■ Exercise goal:
Comb through the entries for "Green" and pull out each line that holds it.

■ Records from a collection:
============================================================
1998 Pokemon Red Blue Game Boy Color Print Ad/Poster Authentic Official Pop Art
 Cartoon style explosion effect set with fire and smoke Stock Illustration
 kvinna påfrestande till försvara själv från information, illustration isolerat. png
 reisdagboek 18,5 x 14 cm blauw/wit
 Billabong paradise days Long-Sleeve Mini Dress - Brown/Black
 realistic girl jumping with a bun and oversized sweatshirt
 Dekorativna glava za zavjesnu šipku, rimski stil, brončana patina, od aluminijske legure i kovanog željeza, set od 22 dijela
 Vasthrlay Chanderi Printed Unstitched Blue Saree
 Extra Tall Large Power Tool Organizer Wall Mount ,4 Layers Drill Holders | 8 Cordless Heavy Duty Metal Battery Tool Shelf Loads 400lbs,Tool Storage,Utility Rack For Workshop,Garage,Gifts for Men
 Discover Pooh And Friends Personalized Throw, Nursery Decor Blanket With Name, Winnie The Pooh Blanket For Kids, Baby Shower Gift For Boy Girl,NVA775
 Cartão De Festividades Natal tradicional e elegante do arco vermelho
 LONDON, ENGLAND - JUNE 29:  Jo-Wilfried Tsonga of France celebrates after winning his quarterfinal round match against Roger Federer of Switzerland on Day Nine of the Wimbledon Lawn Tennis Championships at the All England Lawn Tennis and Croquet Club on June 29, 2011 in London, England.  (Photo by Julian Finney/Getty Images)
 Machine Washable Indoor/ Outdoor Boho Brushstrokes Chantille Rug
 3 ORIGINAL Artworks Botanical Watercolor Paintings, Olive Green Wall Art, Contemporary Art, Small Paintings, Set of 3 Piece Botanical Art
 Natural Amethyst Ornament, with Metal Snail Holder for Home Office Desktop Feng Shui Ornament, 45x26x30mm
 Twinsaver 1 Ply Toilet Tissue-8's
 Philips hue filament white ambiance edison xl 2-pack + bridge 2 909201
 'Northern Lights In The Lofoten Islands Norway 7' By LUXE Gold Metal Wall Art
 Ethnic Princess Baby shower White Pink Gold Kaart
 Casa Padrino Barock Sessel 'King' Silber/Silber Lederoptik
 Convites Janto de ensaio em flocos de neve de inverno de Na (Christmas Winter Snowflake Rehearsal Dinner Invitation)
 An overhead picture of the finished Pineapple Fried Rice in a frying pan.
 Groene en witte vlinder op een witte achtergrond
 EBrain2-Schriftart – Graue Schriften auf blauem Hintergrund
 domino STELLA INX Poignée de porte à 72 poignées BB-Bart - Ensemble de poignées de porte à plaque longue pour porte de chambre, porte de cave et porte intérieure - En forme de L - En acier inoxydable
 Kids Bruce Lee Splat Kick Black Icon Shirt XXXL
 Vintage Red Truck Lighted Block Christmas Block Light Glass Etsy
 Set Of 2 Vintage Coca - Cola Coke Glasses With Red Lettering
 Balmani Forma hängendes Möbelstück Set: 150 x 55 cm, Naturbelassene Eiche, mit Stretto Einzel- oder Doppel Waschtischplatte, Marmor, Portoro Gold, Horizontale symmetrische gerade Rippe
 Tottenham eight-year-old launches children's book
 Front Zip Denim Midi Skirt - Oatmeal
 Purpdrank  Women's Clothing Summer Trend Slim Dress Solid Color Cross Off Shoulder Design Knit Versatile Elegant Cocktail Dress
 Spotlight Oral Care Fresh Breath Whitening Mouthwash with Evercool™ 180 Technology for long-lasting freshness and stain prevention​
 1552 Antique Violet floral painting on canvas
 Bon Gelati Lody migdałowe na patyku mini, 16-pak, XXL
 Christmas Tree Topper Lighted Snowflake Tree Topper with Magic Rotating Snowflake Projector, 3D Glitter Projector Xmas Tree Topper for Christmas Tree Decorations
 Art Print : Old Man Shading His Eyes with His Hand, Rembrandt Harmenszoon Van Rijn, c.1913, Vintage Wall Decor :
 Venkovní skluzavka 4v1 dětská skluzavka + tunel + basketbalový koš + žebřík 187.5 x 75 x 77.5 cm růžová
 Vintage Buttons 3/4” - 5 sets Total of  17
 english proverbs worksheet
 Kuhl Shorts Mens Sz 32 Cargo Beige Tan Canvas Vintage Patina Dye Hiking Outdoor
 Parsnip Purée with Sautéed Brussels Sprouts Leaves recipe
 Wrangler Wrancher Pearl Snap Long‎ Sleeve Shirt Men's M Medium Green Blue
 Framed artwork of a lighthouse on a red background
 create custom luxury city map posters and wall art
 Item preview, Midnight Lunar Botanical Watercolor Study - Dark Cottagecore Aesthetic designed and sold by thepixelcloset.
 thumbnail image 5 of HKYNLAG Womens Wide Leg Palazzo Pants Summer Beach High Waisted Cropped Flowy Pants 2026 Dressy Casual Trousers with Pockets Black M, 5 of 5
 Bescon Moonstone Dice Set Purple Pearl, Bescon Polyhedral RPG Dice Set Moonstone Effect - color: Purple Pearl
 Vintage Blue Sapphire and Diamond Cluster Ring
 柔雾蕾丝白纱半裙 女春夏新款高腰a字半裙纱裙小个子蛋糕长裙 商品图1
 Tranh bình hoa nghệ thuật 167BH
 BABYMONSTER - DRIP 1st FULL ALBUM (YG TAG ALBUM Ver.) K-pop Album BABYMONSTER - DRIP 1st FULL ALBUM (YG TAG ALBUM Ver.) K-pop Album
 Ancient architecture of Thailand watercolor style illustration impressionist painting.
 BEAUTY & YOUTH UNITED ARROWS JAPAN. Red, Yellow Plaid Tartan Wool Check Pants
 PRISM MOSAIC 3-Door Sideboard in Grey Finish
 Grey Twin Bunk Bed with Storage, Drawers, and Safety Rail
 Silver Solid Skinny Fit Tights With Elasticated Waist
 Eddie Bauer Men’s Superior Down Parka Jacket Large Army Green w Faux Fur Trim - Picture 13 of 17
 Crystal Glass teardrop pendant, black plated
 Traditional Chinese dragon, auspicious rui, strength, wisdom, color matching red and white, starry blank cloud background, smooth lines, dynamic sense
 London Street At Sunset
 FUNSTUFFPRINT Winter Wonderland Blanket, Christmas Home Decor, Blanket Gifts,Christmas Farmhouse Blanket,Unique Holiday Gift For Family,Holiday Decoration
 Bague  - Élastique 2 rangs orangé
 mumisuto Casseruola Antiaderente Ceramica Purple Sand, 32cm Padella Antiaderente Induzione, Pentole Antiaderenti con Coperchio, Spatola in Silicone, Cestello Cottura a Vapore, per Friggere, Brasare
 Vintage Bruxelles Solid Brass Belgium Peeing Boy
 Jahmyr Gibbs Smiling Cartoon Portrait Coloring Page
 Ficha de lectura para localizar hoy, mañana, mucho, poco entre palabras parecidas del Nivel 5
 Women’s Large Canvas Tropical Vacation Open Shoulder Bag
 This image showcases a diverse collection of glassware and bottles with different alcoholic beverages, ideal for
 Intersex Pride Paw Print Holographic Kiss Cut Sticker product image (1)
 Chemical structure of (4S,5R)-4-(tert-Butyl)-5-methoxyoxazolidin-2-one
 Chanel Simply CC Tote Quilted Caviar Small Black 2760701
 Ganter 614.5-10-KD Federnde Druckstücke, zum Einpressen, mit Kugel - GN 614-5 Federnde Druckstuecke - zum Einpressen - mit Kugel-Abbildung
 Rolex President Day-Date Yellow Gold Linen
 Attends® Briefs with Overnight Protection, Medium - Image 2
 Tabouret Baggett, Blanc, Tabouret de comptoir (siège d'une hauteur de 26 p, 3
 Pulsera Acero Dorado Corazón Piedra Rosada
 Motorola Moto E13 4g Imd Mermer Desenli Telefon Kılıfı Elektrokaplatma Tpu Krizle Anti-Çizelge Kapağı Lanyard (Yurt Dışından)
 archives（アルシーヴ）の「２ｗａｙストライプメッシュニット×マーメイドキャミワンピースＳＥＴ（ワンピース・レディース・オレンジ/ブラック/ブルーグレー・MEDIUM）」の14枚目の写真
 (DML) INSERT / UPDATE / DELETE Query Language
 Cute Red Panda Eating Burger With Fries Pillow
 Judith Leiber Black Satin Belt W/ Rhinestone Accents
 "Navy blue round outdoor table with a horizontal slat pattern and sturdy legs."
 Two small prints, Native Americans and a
============================================================
■ Written answer:
 3 ORIGINAL Artworks Botanical Watercolor Paintings, Olive Green Wall Art, Contemporary Art, Small Paintings, Set of 3 Piece Botanical Art
 Wrangler Wrancher Pearl Snap Long‎ Sleeve Shirt Men's M Medium Green Blue
 Eddie Bauer Men’s Superior Down Parka Jacket Large Army Green w Faux Fur Trim - Picture 13 of 17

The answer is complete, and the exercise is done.